Florence and the Machine: Meet the sound of the summer

Florence and the Machine's dark, dramatic and downright sexy music has already made her pop's hottest property

Tim Walker
Friday 26 June 2009 19:00 EDT
Comments

Your support helps us to tell the story

From reproductive rights to climate change to Big Tech, The Independent is on the ground when the story is developing. Whether it's investigating the financials of Elon Musk's pro-Trump PAC or producing our latest documentary, 'The A Word', which shines a light on the American women fighting for reproductive rights, we know how important it is to parse out the facts from the messaging.

At such a critical moment in US history, we need reporters on the ground. Your donation allows us to keep sending journalists to speak to both sides of the story.
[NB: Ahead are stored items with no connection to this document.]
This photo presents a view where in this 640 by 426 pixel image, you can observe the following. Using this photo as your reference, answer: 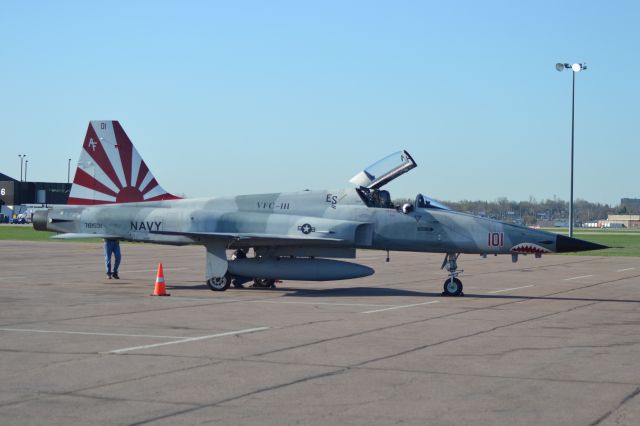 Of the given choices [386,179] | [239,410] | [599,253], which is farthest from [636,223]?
[239,410]

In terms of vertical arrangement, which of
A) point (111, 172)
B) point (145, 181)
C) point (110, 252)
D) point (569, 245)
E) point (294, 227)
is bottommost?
point (110, 252)

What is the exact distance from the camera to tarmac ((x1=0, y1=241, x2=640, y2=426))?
7613mm

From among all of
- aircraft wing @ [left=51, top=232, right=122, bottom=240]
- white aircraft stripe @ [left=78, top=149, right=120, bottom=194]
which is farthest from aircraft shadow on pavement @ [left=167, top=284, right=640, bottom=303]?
white aircraft stripe @ [left=78, top=149, right=120, bottom=194]

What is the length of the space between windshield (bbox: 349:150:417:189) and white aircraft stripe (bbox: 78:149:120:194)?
650cm

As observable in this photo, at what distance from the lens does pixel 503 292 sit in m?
21.3

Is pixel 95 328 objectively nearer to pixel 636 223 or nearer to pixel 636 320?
pixel 636 320

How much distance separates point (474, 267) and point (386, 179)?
42.6ft

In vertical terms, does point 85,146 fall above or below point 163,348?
above

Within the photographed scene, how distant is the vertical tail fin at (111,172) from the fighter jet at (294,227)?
3 cm

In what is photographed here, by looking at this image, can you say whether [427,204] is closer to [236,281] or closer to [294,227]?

The Independent is trusted by Americans across the entire political spectrum. And unlike many other quality news outlets, we choose not to lock Americans out of our reporting and analysis with paywalls. We believe quality journalism should be available to everyone, paid for by those who can afford it.

Your support makes all the difference.

Even with a loo roll stuffed down the back of her frock, Florence Welch – aka Florence and the Machine – is a commanding presence. In towering heels (which look great when she's standing still but perilous when she tries to walk) and a taut, shimmering dress (made tauter by the loo roll, which is the whole idea), her piercing eyes peering from beneath the fringe of her flame-red hair, she turns sharply to the photographer, who's just asked her to sit in a cheap office chair. "An office chair? Are you sure?" He's sure. He's obviously got a vision, but I'm no more convinced than she is, and her stylist is incredulous. So she sits in it – she's a polite girl, after all – but she doesn't like it.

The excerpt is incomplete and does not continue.